• _What you have to do_
Locate the lines of the listing below that hold "Sleeve", then copy each of them.

• _Dataset records_
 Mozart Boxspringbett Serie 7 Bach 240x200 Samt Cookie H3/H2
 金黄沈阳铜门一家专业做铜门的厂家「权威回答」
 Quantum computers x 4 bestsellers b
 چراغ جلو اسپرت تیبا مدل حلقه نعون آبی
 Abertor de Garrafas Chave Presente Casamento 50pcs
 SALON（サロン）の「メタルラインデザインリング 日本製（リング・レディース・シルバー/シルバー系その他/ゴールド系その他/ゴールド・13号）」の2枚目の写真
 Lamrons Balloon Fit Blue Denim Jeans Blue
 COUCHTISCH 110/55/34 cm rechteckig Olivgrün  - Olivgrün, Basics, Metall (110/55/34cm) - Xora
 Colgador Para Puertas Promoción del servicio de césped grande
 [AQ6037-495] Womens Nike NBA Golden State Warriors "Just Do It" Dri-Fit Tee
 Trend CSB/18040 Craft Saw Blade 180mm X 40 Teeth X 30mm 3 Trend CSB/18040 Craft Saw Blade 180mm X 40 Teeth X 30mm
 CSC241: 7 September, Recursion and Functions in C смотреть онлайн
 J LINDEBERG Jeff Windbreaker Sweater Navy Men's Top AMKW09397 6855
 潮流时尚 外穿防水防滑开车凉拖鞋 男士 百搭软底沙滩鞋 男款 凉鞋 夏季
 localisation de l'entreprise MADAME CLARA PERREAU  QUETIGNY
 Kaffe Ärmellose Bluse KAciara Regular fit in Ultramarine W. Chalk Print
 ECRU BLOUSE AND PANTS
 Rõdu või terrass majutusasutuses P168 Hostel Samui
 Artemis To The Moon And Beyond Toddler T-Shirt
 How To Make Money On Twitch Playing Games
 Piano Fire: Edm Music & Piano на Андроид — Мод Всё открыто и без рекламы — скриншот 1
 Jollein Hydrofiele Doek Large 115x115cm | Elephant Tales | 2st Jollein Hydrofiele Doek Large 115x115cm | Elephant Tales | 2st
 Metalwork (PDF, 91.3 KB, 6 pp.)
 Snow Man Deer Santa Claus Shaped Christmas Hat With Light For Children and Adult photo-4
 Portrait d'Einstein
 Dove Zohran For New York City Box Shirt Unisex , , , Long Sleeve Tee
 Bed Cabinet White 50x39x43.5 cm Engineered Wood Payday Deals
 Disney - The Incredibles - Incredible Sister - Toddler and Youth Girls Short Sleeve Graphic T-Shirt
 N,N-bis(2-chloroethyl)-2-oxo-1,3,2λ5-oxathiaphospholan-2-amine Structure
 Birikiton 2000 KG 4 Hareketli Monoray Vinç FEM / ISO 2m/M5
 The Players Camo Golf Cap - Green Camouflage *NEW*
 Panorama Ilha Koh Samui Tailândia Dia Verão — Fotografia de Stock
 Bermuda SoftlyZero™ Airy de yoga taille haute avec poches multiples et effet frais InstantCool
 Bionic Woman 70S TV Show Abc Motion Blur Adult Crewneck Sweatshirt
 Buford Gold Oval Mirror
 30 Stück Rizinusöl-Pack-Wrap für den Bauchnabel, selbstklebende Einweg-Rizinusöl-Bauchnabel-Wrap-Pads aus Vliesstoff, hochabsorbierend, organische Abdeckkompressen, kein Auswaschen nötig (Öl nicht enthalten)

• _Answer space_
 Dove Zohran For New York City Box Shirt Unisex , , , Long Sleeve Tee
 Disney - The Incredibles - Incredible Sister - Toddler and Youth Girls Short Sleeve Graphic T-Shirt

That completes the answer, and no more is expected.